Directions for this task
Omit any picture, and return the remaining data exactly as written.

Source material
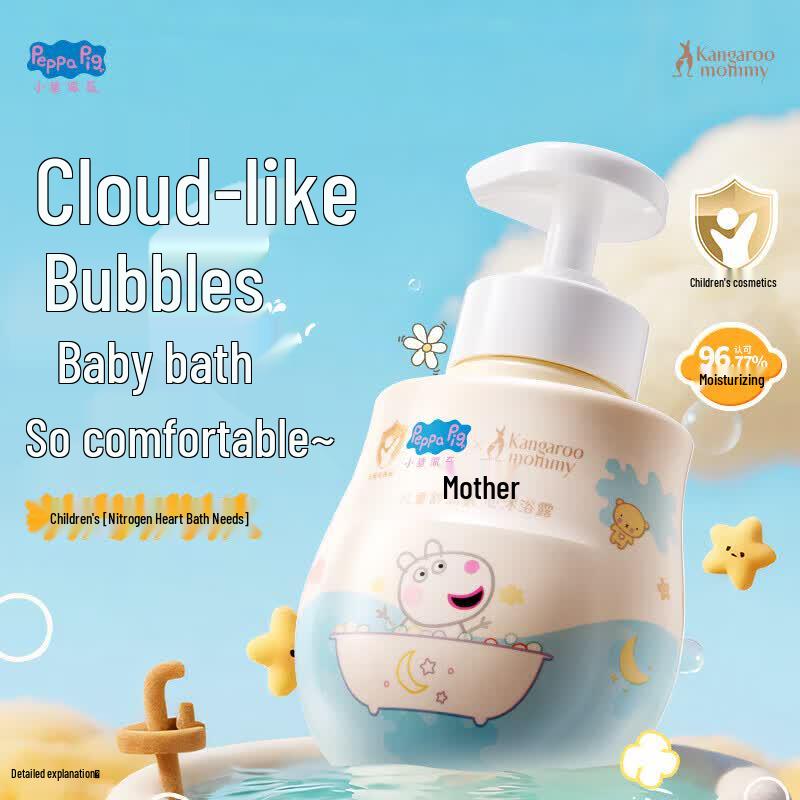Kangaroo Mommy Kids Soothing Amino Acid Shower Gel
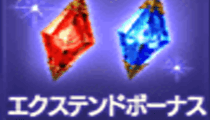 エクステンドボーナス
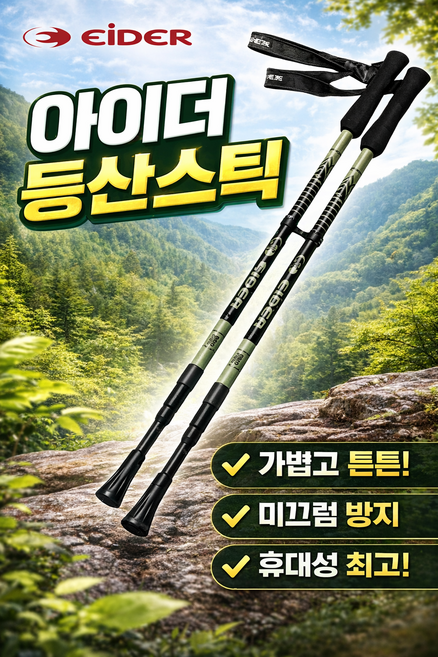 [오늘출발] 아이더 두랄루민 초경량 가벼운 3단 등산 스틱 지팡이 2P 1SET, 카키, 1개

Answer to the problem
Kangaroo Mommy Kids Soothing Amino Acid Shower Gel
 エクステンドボーナス
 [오늘출발] 아이더 두랄루민 초경량 가벼운 3단 등산 스틱 지팡이 2P 1SET, 카키, 1개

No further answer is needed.